__Material shown__.
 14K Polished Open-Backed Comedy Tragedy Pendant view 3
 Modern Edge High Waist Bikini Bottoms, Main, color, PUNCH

...

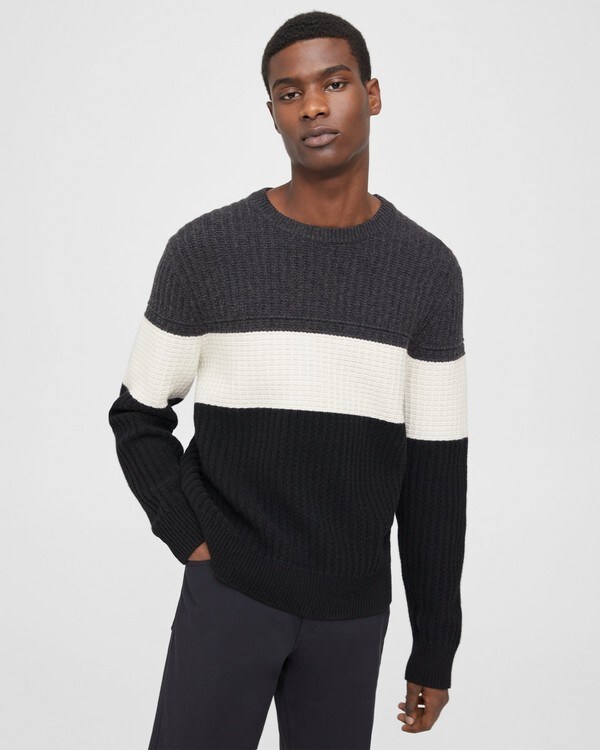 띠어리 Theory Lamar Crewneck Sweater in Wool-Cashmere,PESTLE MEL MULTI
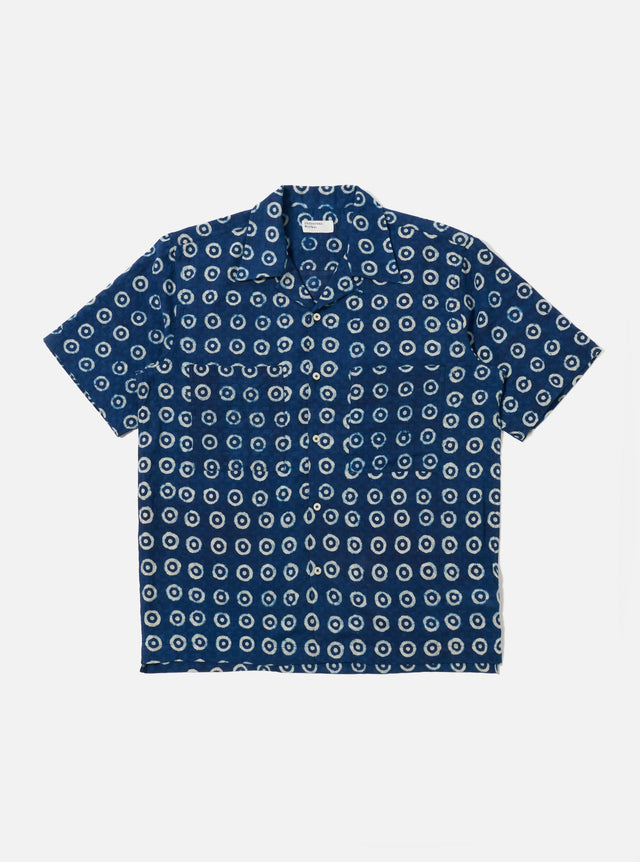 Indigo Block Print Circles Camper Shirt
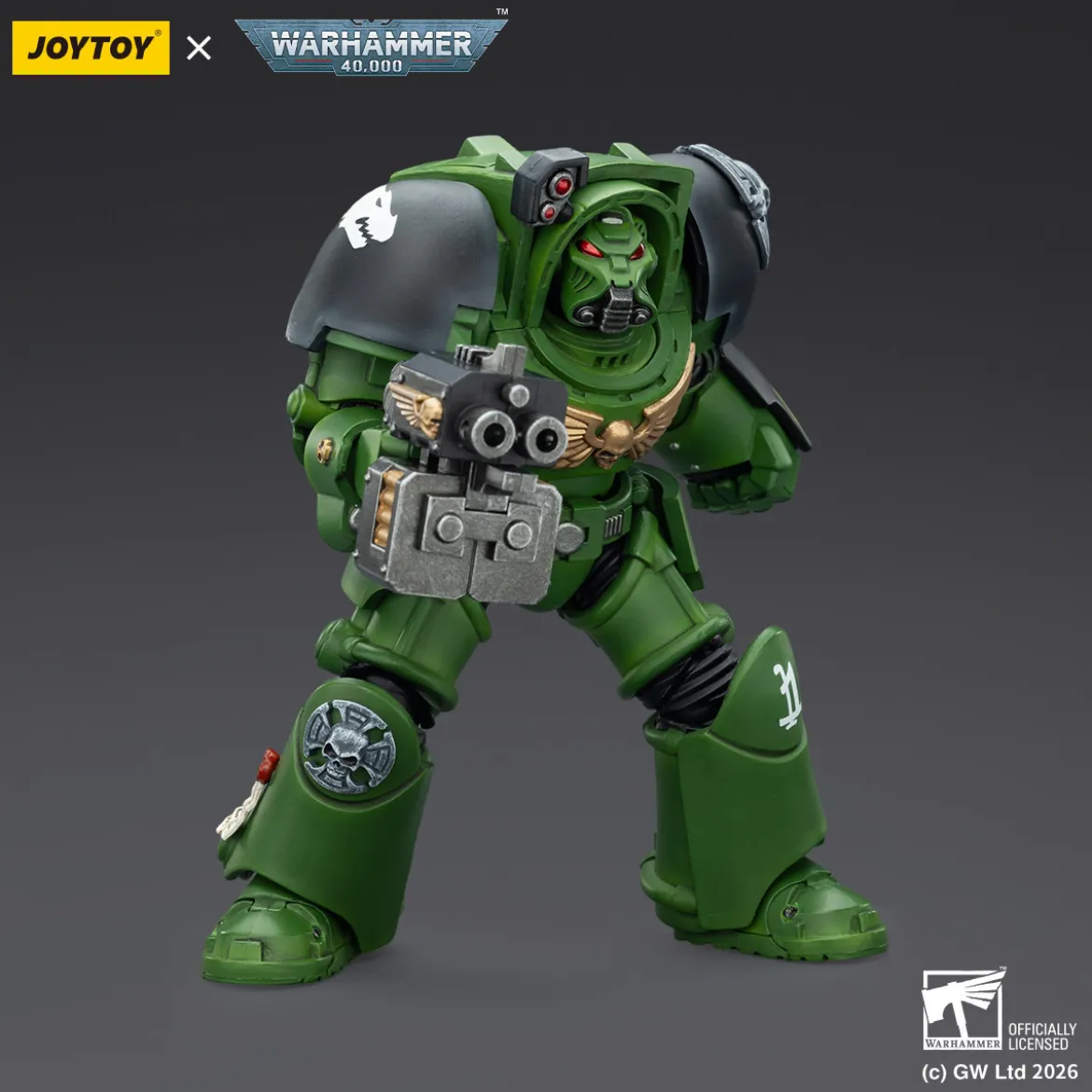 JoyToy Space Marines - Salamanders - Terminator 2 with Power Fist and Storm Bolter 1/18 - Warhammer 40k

__What you will do__. Begin with the line above that has "14K Polished Open-Backed" and continue through the line that has "Modern Edge High", setting each one down exactly. Stop there.

__Result for this task__.
 14K Polished Open-Backed Comedy Tragedy Pendant view 3
 Modern Edge High Waist Bikini Bottoms, Main, color, PUNCH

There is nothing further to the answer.